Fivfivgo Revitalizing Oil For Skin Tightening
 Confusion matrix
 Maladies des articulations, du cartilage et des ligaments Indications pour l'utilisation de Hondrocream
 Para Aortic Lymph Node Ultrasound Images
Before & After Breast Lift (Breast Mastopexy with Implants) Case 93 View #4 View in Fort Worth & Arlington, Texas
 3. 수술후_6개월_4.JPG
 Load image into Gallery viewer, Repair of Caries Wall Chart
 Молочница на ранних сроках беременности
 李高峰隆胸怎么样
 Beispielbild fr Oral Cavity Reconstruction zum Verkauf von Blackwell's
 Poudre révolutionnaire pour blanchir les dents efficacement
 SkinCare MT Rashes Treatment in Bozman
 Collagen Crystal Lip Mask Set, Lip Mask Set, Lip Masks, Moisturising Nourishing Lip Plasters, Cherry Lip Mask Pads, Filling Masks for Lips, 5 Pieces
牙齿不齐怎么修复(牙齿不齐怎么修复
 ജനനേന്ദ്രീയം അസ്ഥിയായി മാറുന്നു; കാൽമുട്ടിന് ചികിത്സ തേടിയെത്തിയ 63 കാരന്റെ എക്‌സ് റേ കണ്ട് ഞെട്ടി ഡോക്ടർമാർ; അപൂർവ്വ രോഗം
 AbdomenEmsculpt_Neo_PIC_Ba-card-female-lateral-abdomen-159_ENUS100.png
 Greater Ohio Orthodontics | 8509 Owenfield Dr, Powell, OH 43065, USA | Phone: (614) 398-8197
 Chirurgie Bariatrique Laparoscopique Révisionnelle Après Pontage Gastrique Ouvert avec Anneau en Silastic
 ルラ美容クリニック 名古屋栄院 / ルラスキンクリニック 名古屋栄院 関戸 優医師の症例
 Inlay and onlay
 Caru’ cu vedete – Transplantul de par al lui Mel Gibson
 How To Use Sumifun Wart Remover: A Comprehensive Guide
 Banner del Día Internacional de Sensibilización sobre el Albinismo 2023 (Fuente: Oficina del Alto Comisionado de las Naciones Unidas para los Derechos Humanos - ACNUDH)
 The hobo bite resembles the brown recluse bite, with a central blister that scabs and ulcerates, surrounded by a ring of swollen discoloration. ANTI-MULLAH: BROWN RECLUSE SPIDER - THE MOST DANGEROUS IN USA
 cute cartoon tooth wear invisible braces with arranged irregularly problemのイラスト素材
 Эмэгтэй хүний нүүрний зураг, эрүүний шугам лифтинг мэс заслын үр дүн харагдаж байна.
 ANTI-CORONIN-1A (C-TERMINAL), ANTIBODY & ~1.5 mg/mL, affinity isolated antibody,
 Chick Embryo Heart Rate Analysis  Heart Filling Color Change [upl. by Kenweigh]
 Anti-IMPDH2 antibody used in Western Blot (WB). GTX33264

_What the exercise asks_:
Your reply is to repeat, unchanged, the lines above running from the one with "Collagen Crystal Lip" up to and including the one with "Chirurgie Bariatrique Laparoscopique".

_Response box_:
 Collagen Crystal Lip Mask Set, Lip Mask Set, Lip Masks, Moisturising Nourishing Lip Plasters, Cherry Lip Mask Pads, Filling Masks for Lips, 5 Pieces
牙齿不齐怎么修复(牙齿不齐怎么修复
 ജനനേന്ദ്രീയം അസ്ഥിയായി മാറുന്നു; കാൽമുട്ടിന് ചികിത്സ തേടിയെത്തിയ 63 കാരന്റെ എക്‌സ് റേ കണ്ട് ഞെട്ടി ഡോക്ടർമാർ; അപൂർവ്വ രോഗം
 AbdomenEmsculpt_Neo_PIC_Ba-card-female-lateral-abdomen-159_ENUS100.png
 Greater Ohio Orthodontics | 8509 Owenfield Dr, Powell, OH 43065, USA | Phone: (614) 398-8197
 Chirurgie Bariatrique Laparoscopique Révisionnelle Après Pontage Gastrique Ouvert avec Anneau en Silastic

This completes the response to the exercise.